Simultaneously, they were also promoted the Jr. NBA 3v3 programme, turning media attention into a recruitment pipeline for youth basketball.
And they made sure to use the guaranteed press access to keep a bigger narrative moving: the potential European league. Throughout the trip, NBA Commissioner Adam Silver directed journalists back to ongoing discussions with FIBA and investors, keeping the “NBA Europe” story alive.
The game was the perfect hook. An opportunity to expand a narrative that was already forming and utilising it to inform the media of the many other projects the NBA has planned.
Tony Dokoupil’s CBS Evening News Debut
Poor old Tony Dokoupil. His first night anchoring CBS Evening News was the perfect example of just how unforgiving live TV can be. On the 5th of January, he visibly lost his place mid-broadcast:
“As you just heard from Jill, well, to other news now. Uh, to Governor Walz. No, we’re gonna do Mark Kelly. First day, first day, big problems here. Uh, are we going to Kelly here or are we gonna go to Jonah Kaplan?”

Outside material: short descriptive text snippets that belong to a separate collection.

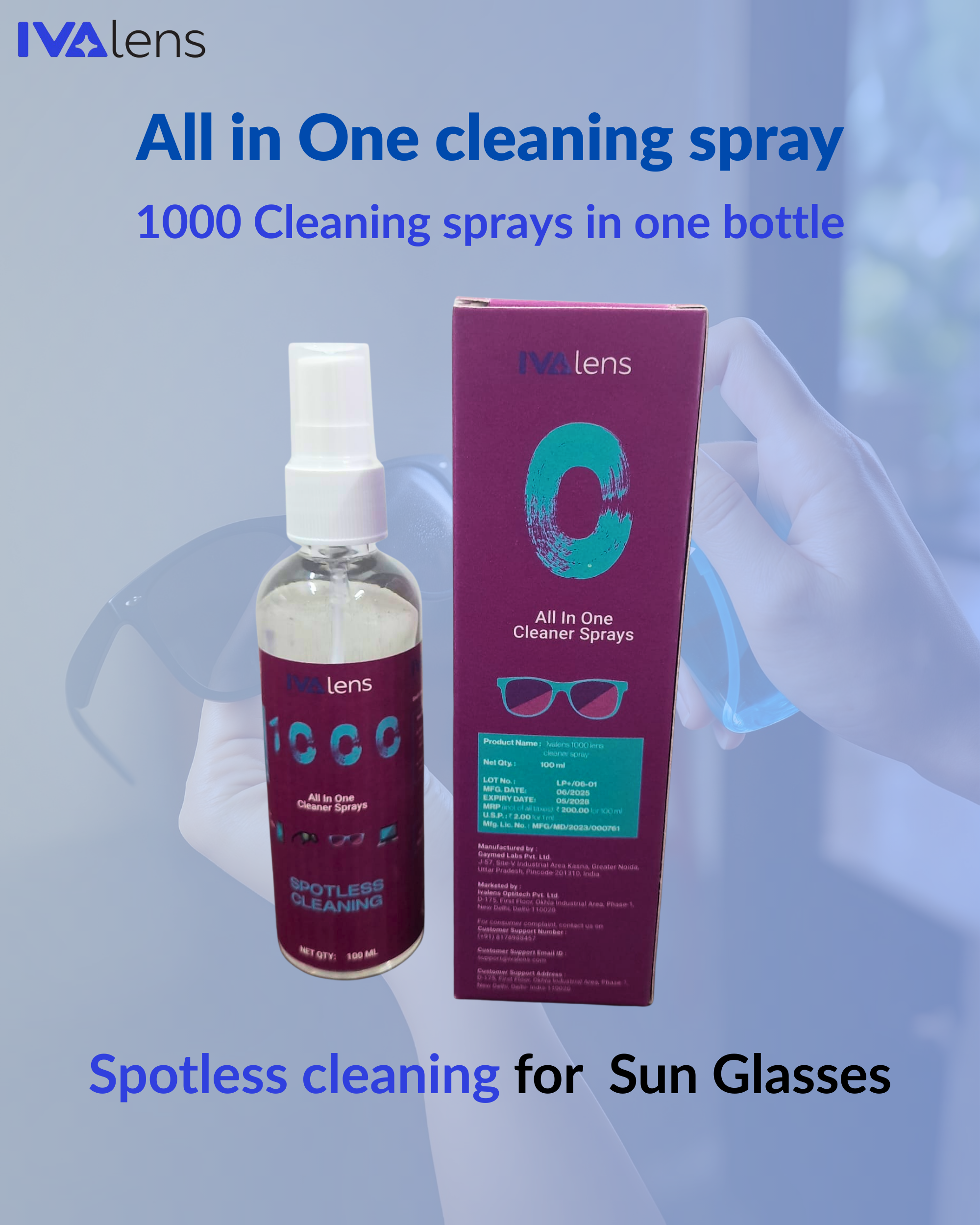 Ivalens 1000 lens Cleaner spray - Image 5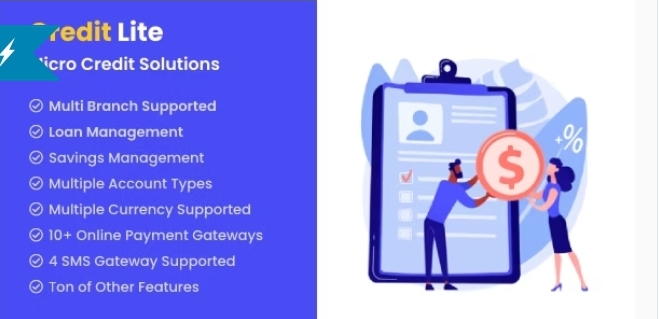 Credit Lite - Loan Management System PHP Script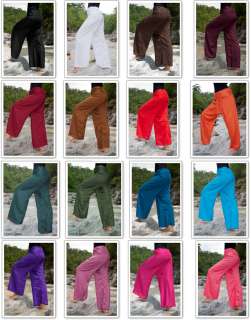   ★Yoga Wrap Pants★Cotton Rayon★OTOP FAIR TRADE CERTIFIED  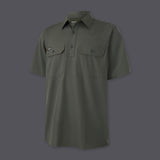 KingGee Mens Workcool Vented Closed Front Shirt Short Sleeve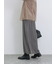 ジグザグ柄フリンジナロースカート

It was bad enough that viewers had to witness that awkward stammering of words, but he also called Minnesota “the Great Lake State” – that’s Michigan. CBS later edited both mistakes out of the YouTube version, which probably made people notice it more than if they’d just left it be.
You can watch the video here: https://www.youtube.com/watch?v=LXALJ_o2SzE
LOOKING AHEAD: FEBRUARY
February brings key moments like Valentine’s Day (14th) and the BAFTA Film Awards (22nd), more mapped out in our free 2026 Campaign Planner with full context on how the month is likely to unfold.
The timing couldn’t be better to launch one of the season’s most ambitious music-and-cinema crossovers. Charli XCX is set to release “Wuthering Heights” on the 13th of February, a new album created as a companion to Emerald Fennell’s upcoming film adaptation of Emily Brontë’s classic, arriving in cinemas on Valentine’s Day.
If 2024 gave us a BRAT summer, will 2026 give us a Heathcliff winter?